Esa triple mediatización tiene un resultado contundente, que opera la más conmovedora de las paradojas: el testimonio se vuelve más personal y desgarrador cuando más distantes son los medios con los que se ejecuta el acto de reconstruir la memoria. Quizás por eso la película de Pahn sea menos una que pertenece al régimen de lo visual antes que al régimen de lo auditivo-táctil. Esa memoria del genocidio que arrasó con todas las diferencias, convirtiendo al país en un gran campo de concentración y de producción agrícola de baja escala solo podía alcanzarse mediante la mayor de las distancias, como si de alguna manera también en esa intermediación de los recursos estuviera operando una forma de preservación ante el peligro.

En la decisión que toma Pahn al desdoblar la memoria del exterminio familiar y la conciencia sobre el recurso formal en el que se asienta, está el punto más interesante de toda esta experimentación sobre los modos de reconstruir y rearmarse frente al horror. Porque en ese desdoblamiento también hay un límite.
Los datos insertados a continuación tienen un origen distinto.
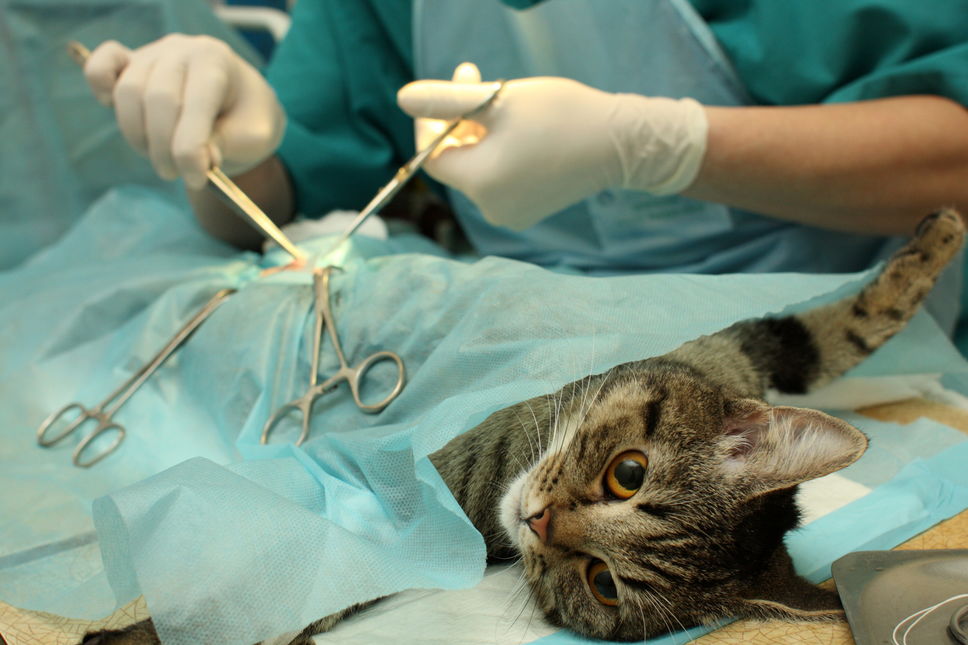 Ensv La Sterilisation Du Chat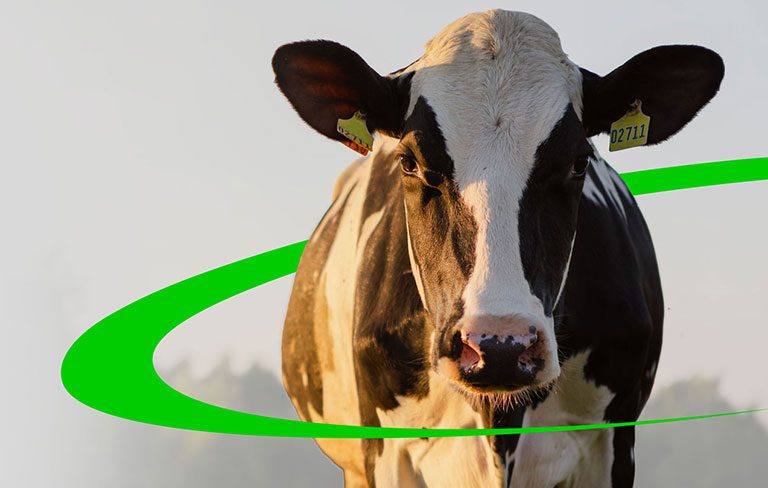 Agricultural electrical wiring and systems maintenance for a commercial dairy operation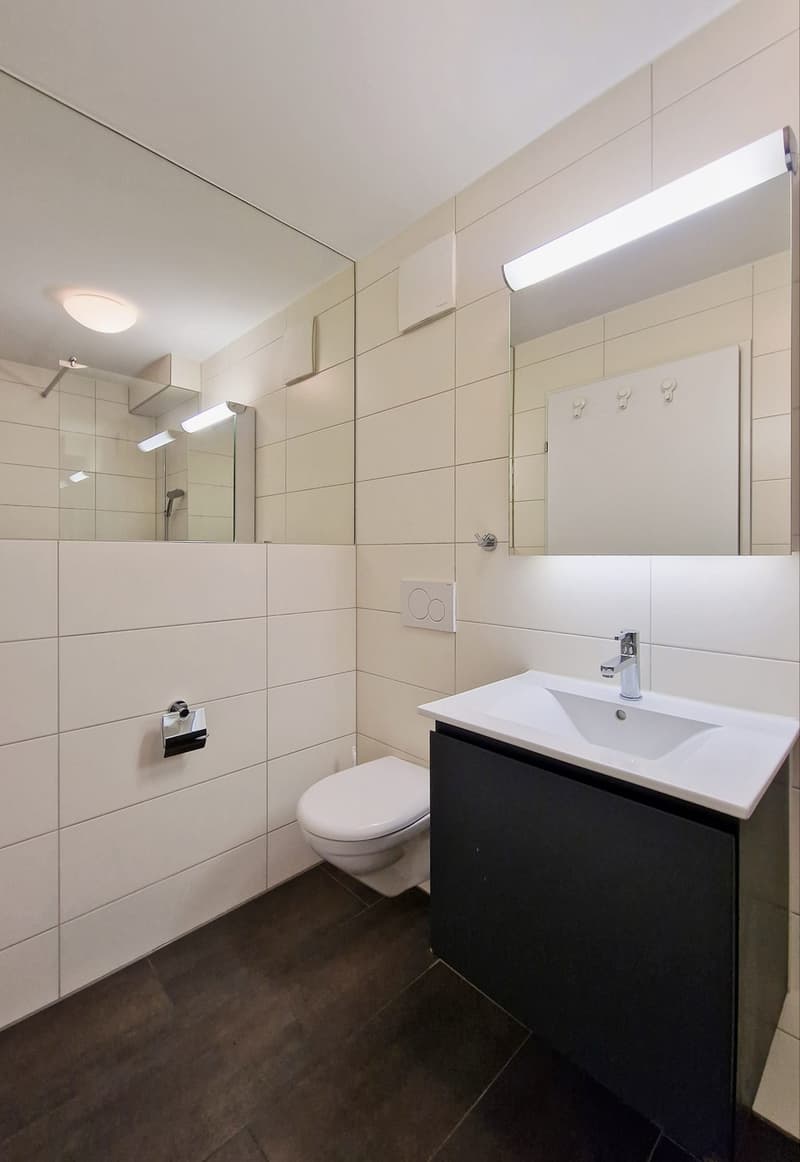 Charming 3.5-room apartment in Emmen with balcony (4)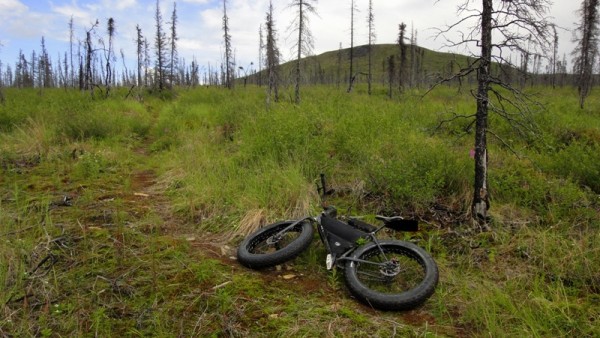 Riding my single-speed Pugs 1300' up a trail in Alaska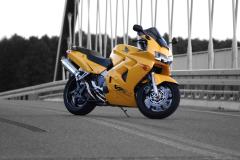 DSC_0410_edit1.jpg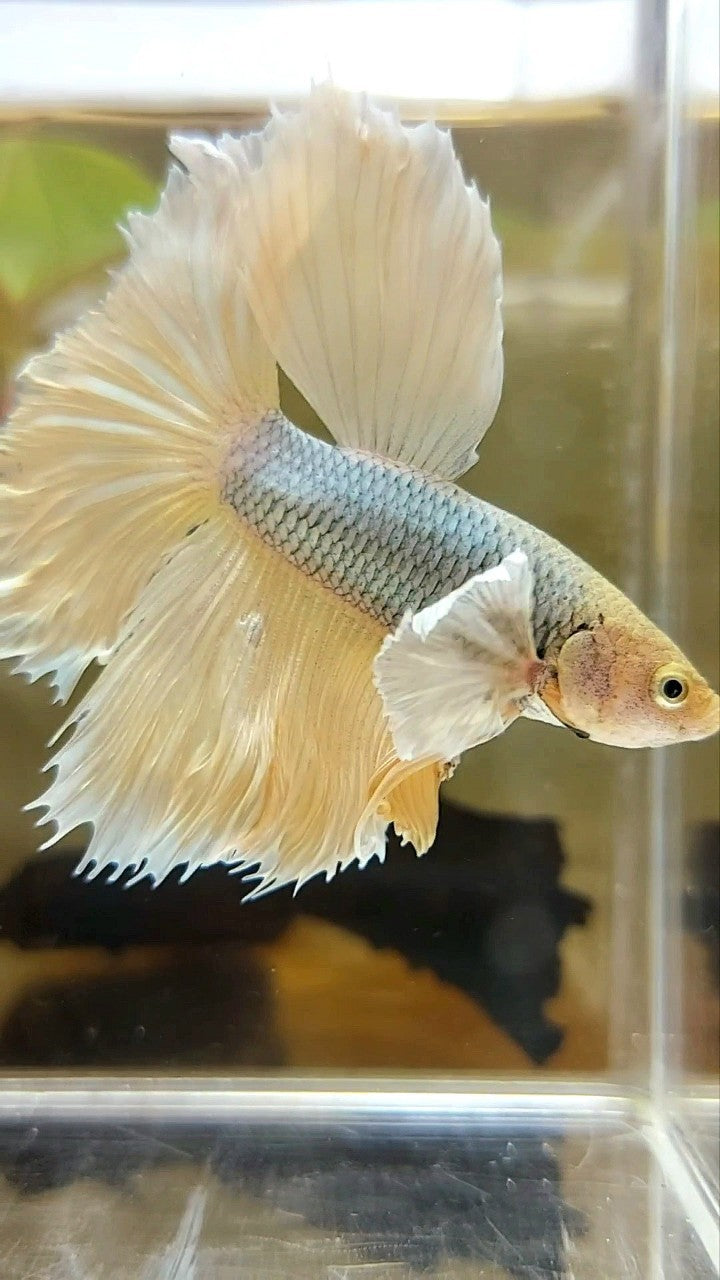 HALFMOON DUMBO EAR YELLOW COPPER BETTA FISH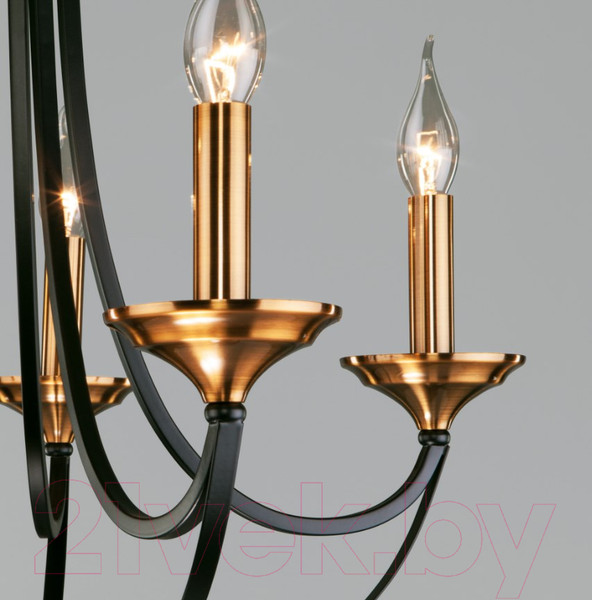 Изображение товара Люстра Евросвет 60098/5 (черный)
O acaso una necesidad de terminar de purgar, de sacar del sistema toda la pesadilla, todo el trauma que retorna y que, como dije previamente, se ha convertido en la obsesión malsana de este director. En este sentido, al evidenciar la conciencia de si, una suerte de conciencia-formal verbalizada, el director también le pone un límite a sus posibilidades, como si estuviera haciendo un mea culpa hacia los espectadores, como si en alguna medida buscara fundar un argumento: “lo que están viendo no es otra cosa que mis espantos saliendo de mi, asi que sean pacientes”.

El legado de la voz en primera persona, el trabajo con la distancia-afección, la resiliencia como dispositivo formal y expresivo parecen ser un límite para la misma obra de Rithy Pahn. Como si esta vez realmente fuera la última. Como si quisiera poder terminar de destruir eso que lo ha matado (y ha aniquilado a los suyos), como si precisara exorcizar esos fantasmas del comunismo, que para quienes lo experimentaron, no se trata de ese fantasma amigable y canchero del mundo cosmopolita de filo-comunismo de Starbucks con necesidades básicas satisfechas, sino que se trata de un fantasma corpóreo, que fue real, que destruyó vidas. Y que a muchos de los que lo sobrevivieron todavía cuesta horrores transmitir a las nuevas generaciones, fascinadas, de manera increíble y amnésica, con los totalitarismos cool del nuevo milenio.